К Ел<изавете> С<ергеевне> за М<аргаритой> В<асиль-евной>. ‘Вот мой офорт не удался. Мне так жаль. Поедемте за город’.
Севр. У Мечниковых. В лесу St. Cloud.
Как странно. Это те же аллеи. Вот мы здесь шли. Как это было давно… Неужели только пять дней?
Что ж… ничего… Это не повторение.
— Мне жаль, что это разбилось. Вам нужно было уехать тогда же. Мне хотелось тогда же убежать и сохранить тот день целиком, как драгоценный камень. Теперь это уже затерлось.
Я мечтал, что я приеду сюда один и буду вспоминать шаг за шагом.
Вышли на лужайку. Внизу глубоко между скалами-деревьями другие лужайки. Посередине статуя.
Добрянович и Ге заговорили о суевериях.
‘Это бывает со всяким, кто заглянет в будущее, каким бы путем это ни случилось’. А разве это так плохо — смерть?
‘Тот, кто любит жизнь, не боится смерти’.
Обед на лужайке. Спуск. По темным аллеям. Через город по лестницам.
‘Здесь совсем Генуя. А вот Корсика’.
‘Зачем ездить, когда всё это можно здесь же увидеть?’
‘Только сколько надо ездить раньше, чтобы увидеть это здесь’.
В вагоне. ‘О чем Вы думаете?’ …Я не могу сказать. Т. е. вот сейчас не могу: это непреодолимый стыд. А через пять минут он пройдет. — Какой Вы честный, другой бы выдумал…

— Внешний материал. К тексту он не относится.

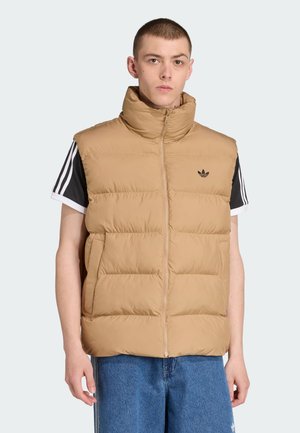 adidas Originals COMMERCIAL  - Waistcoat - cardboard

Разговор оборвался на Иловайской. Я представил себе ее лицо и губу. Потом думал о том, что она вся погрузилась в материнство. Что в этом переходе, как у Наташи, может, и нет никакого противоречия. Это у женщины. Но как же у мужчины? Я представил себе себя женатым. ‘Около 30 лет всегда начинают сниться детки’. Поток впечатлений оборвался. Я ловлю немногие. Формулирую. M-r Бержере. Самостоятельность поступков. У меня ее нет. Я всегда считаюсь с тем, что подумают. Я всегда всё делаю для какого-нибудь третьего лица, которому нет никакого дела. Потом я подумал о моем вызове в Петербург. Здесь оборвалось.

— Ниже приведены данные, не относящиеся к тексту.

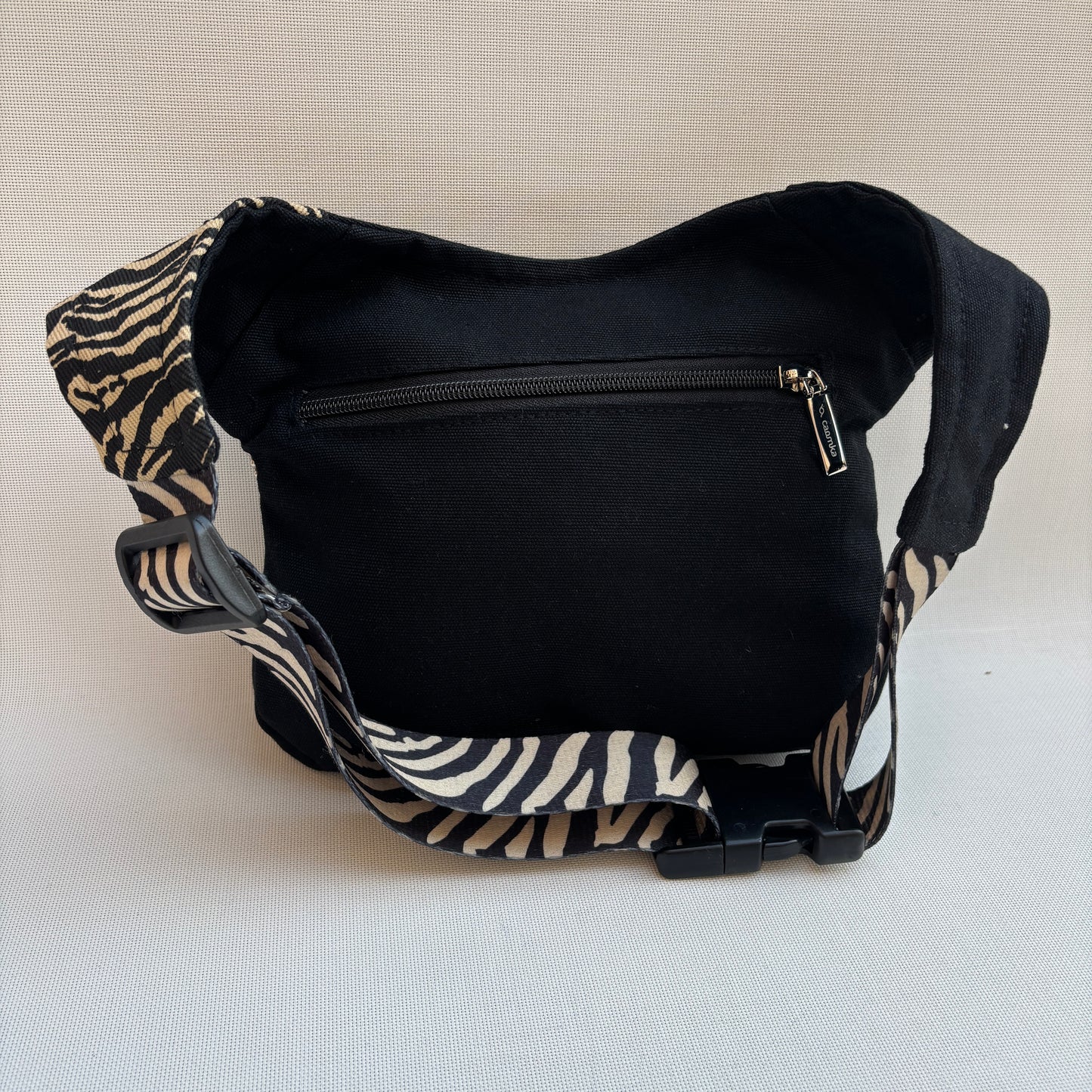 Riñonera "Special Animal Print Top Love" + Bolsillo trasero · Pieza Única Núm. 16652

Вечером втроем: Ек<атерина> Ал<екссевна>, М<аргарита> и я.
20 <июня>. Понедельник.
Утром писал. Только я остаюсь один, на меня находит волна чувственных образов. Чтобы отогнать, я хватаюсь за книгу. Но не могу работать. Всё это время меня <не> посетило ни одно желание. Тут они сразу вернулись. Я шел по улице, представлял себе удовлетворение и с отвращением смотрел в лицо женщинам.
Только те, у которых на лице была печать, казались доступными для меня. Потом это сразу исчезло.
Вечером опять за город на пароходе.
‘Ты опять грустный’. ‘Он точно легкой вуалью покрыт’.
Почему? Я не знаю. С St. Cloud? Это был кризис. Высший подъем чувства. Теперь оно озаряет только мгновеньями.
М<аргарита> В<асильевна>: ‘Зачем же Вы сказали мне, Макс<имилиан> Алек<сандрович>, что нужно восторгаться этим Ангелом?’
Курб<атов>: ‘Я нахожу его лучше Васнецова, но хуже Берн Джон<са>‘.
Я: ‘Потому что Вы подходили к нему, чтобы судить его. А надо подходить так, точно он Вас судить будет’.
— Ах, это очень хорошо. Вы очень хорошо сказали.
Пусть каждый скажет всем девизы из стихотворений.
… пространств…
Много у Господа дивных убранств.
Ек<атерина> Ал<ексеевна> — ‘И ночь, как яркий день’.
Comprendre — ce reflet de crer {Понимание — это сотворчество (фр.).}. Ел. Д.
В этом странном цветке лепестки расцветут. И не знаешь: цветок далеко или тут.
Ночью через лес. Раньше — танцы <на> палубе.
‘Вот как вы говорите про материал: чем грубее, тем глубже. Так же и жизнь в рамках и традициях. Теперь все рамки стираются. Эпоха либерализма’.
— Одни выбирают дорогу. Другие углубляют старые.
— Ангел? Это очень верно. Мы все развратились. Мне хочется ехать. Довольно впечатлений.
— Не забудь, что мы вместе переводим Д’Аннунцио.
——
Mtropolitain. Две женщины. Они мне были противны, но желательны. Они вышли вместе из вагона и переходили вместе пустынный Тюильри. Я видел их то спереди, то слышал сзади. Слушал клочки разговора. Их присутствие, как присутствие желания.
И я вспомнил отъезд из Москвы. Один на вокзале. Ожидая вагона и слёз. Я точно защищался этим.